I'd really like your help proving:
1)⊢∃x(AvB)→(∃xAv∃xB)
2)⊢(∃xAv∃xB)→∃x(AvB)
Our proof system contains next Hilbert's axioms:
1.A→(B→A)
2.(A→B)→((A→(B→X))→(A→X))
3.(A&B)→A
4.(A&B)→B
5.(A→B)→((A→X)→(A→(B&X)))
6.A→(AvB)
7.A→(BvA)
8.(A→X)→((B→X)→((AvB)→X))
9.(A→B)→((A→¬B)→¬A)
10.¬¬A→A
And other two axioms: ∀xA→A{t/x}, A{t/x}→∃xA where t is free for assignment instead of x in A.
Finally theres the MP rules:
1.From A,A→B we conclude B
2.From A→B we conclude A→∀xB, where x not included in the set of variables A free
3.From A→B we conclude ∃xA→B, where x not included in the set of variables A free
I tried couple of different ways but didn't come with any smart result.
About the first formula :
a) $A \rightarrow \exists x A$ --- 2nd Axiom for quantifiers
b) $\exists x A \rightarrow ( \exists x A \lor \exists x B )$ --- from your 6)

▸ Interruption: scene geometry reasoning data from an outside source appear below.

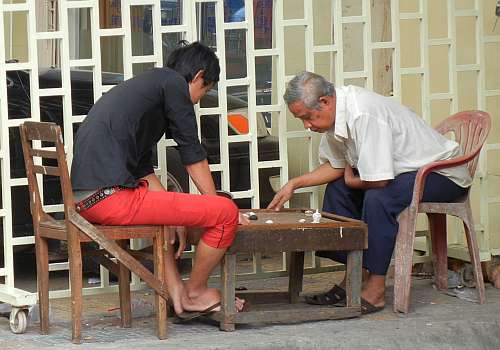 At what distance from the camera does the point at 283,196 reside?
6391 mm

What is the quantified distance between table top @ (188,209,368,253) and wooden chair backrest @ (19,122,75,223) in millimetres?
725

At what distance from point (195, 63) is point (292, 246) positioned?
990 mm

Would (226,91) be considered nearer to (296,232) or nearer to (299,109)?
(299,109)

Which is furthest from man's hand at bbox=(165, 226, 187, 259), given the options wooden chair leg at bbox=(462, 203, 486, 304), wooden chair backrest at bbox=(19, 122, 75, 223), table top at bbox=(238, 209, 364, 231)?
wooden chair leg at bbox=(462, 203, 486, 304)

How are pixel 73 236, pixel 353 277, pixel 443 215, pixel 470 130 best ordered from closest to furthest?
pixel 73 236 < pixel 353 277 < pixel 470 130 < pixel 443 215

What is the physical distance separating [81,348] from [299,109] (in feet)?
5.37

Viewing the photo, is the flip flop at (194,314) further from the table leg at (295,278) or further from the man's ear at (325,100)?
the man's ear at (325,100)

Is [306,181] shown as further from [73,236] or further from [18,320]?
[18,320]

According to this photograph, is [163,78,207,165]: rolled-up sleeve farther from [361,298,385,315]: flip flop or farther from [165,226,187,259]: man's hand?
[361,298,385,315]: flip flop

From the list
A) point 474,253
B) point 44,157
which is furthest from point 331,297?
point 44,157

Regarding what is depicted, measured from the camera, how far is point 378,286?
20.4ft

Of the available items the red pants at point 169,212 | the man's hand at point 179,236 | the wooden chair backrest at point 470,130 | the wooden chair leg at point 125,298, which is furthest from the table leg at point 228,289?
the wooden chair backrest at point 470,130

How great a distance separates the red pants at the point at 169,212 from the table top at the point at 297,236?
14cm

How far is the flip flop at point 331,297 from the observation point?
6.32 metres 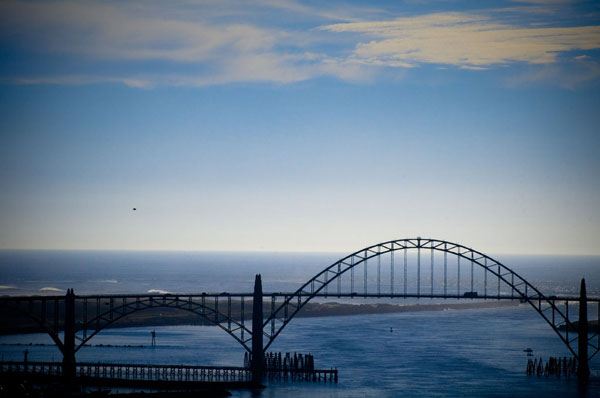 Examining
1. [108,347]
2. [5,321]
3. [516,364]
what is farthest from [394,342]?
[5,321]

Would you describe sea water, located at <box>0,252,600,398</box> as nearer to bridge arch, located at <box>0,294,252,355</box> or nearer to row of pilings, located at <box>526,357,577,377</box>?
row of pilings, located at <box>526,357,577,377</box>

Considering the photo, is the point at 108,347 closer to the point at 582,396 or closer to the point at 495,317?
the point at 582,396

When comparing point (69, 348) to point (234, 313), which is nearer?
point (69, 348)

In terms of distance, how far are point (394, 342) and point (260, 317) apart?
40.9 m

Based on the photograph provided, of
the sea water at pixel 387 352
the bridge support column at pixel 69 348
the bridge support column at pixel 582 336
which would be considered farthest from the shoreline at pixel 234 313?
the bridge support column at pixel 582 336

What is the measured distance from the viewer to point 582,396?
71.7 m

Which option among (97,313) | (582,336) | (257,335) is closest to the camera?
(97,313)

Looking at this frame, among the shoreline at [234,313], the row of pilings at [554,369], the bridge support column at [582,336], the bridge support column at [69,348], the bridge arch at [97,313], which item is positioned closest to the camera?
the bridge arch at [97,313]

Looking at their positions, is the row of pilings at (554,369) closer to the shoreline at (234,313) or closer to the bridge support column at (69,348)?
the bridge support column at (69,348)

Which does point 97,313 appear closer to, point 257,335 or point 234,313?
point 257,335

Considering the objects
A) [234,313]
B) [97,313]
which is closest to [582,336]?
[97,313]

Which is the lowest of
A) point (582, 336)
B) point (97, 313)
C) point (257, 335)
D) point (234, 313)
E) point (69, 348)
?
point (234, 313)

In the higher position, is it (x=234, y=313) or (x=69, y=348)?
(x=69, y=348)

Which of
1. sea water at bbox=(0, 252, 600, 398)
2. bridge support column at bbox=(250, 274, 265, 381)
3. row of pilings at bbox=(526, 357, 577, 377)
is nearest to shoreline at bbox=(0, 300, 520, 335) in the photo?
sea water at bbox=(0, 252, 600, 398) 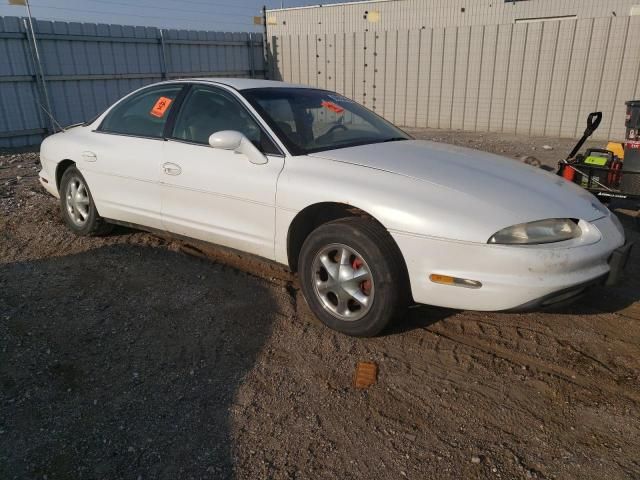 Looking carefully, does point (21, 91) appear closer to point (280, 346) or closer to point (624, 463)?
point (280, 346)

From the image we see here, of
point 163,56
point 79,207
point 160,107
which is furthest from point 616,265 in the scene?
point 163,56

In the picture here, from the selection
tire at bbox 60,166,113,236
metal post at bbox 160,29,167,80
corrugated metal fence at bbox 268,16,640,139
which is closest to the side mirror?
tire at bbox 60,166,113,236

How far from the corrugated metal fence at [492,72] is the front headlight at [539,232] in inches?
360

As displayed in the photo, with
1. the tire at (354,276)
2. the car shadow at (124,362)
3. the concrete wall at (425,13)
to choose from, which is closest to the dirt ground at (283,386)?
the car shadow at (124,362)

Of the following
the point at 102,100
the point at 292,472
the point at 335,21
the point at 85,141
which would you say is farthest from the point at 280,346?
the point at 335,21

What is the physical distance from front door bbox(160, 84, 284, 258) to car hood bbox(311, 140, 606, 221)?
0.45 meters

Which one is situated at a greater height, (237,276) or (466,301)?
(466,301)

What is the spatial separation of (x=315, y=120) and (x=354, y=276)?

c) $ [ \exists x A \rightarrow ( \exists x A \lor \exists x B ) ] \rightarrow [ A \rightarrow ( \exists x A \rightarrow ( \exists x A \lor \exists x B ) ) ] $ --- from your 1)

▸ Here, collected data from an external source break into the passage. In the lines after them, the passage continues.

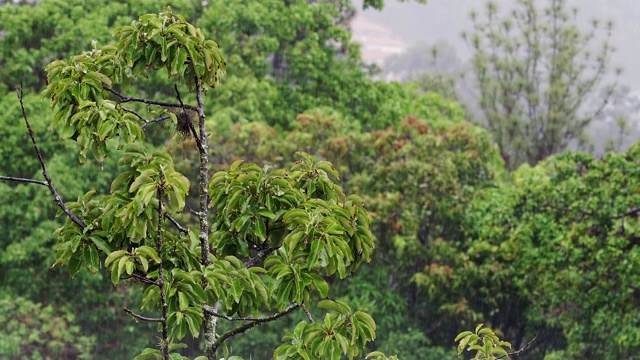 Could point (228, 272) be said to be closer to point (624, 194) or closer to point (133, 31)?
point (133, 31)

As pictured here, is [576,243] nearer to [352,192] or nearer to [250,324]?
[352,192]

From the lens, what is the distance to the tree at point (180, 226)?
390 centimetres

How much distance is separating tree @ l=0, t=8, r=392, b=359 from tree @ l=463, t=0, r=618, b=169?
81.0 ft

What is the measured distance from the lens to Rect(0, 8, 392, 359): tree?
3898 mm

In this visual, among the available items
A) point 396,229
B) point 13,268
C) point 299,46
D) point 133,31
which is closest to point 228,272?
point 133,31

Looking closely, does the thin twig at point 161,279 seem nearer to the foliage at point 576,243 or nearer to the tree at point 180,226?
the tree at point 180,226

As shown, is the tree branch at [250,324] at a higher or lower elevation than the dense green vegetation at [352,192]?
higher

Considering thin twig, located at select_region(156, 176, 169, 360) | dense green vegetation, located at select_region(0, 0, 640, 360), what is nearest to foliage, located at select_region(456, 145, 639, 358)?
dense green vegetation, located at select_region(0, 0, 640, 360)

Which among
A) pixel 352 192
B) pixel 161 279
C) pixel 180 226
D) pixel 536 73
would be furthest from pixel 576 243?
pixel 536 73

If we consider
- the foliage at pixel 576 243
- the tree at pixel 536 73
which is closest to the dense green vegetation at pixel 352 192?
the foliage at pixel 576 243

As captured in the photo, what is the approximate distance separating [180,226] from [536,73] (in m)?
26.6

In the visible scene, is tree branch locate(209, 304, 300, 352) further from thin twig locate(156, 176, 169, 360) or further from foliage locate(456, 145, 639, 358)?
foliage locate(456, 145, 639, 358)

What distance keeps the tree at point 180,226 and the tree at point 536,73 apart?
2469cm

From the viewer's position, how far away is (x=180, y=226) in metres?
4.27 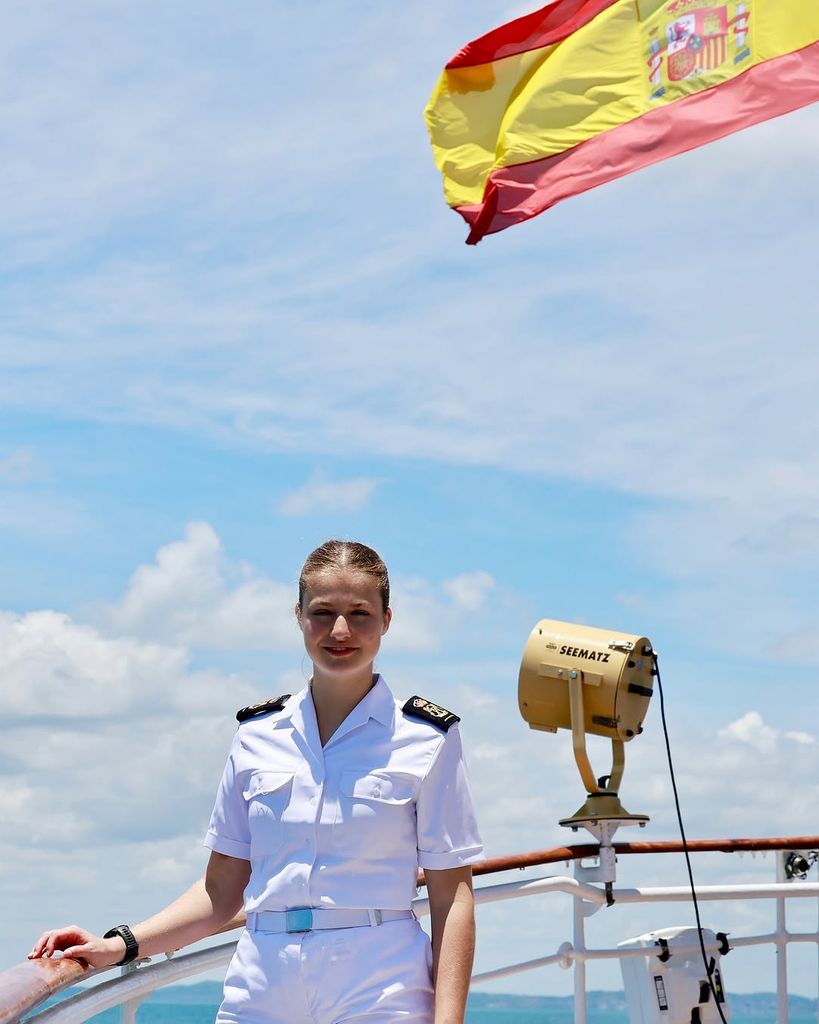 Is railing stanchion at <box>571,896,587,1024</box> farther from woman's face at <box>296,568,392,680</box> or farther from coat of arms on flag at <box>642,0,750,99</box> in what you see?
coat of arms on flag at <box>642,0,750,99</box>

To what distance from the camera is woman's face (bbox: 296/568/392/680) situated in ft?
7.73

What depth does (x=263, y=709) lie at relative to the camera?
8.34 ft

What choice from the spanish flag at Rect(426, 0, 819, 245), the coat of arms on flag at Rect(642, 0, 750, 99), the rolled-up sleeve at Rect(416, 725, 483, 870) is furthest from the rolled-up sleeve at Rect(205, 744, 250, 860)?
the coat of arms on flag at Rect(642, 0, 750, 99)

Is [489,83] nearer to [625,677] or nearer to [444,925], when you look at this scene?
[625,677]

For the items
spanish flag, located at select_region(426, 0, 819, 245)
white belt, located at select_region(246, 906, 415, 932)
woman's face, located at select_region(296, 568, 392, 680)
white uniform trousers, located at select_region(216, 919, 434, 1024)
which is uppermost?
spanish flag, located at select_region(426, 0, 819, 245)

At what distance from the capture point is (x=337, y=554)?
94.4 inches

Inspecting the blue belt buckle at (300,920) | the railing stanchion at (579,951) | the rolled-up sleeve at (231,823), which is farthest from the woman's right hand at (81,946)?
the railing stanchion at (579,951)

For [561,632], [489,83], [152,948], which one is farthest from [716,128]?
[152,948]

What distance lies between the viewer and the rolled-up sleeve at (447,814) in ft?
7.59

d) $ A \rightarrow ( \exists x A \rightarrow ( \exists x A \lor \exists x B ) ) $ --- from b) and c) by MP
e) $ A \rightarrow ( \exists x A \lor \exists x B ) $ --- from a) and d) using your 2) by MP twice
In the same way, you can get :
f) $ B \rightarrow ( \exists x A \lor \exists x B ) $ --- using your 7)
g) $ ( A \lor B ) \rightarrow ( \exists x A \lor \exists x B ) $ --- from e) and f) using your 8) by MP twice
Now you can get :
h) $ \exists x ( A \lor B ) \rightarrow ( \exists x A \lor \exists x B ) $ --- from g) using your rule 3) ( because $x$ is not free in $( \exists x A \lor \exists x B )$ ).
Following a similar approach, you can try with the second formula.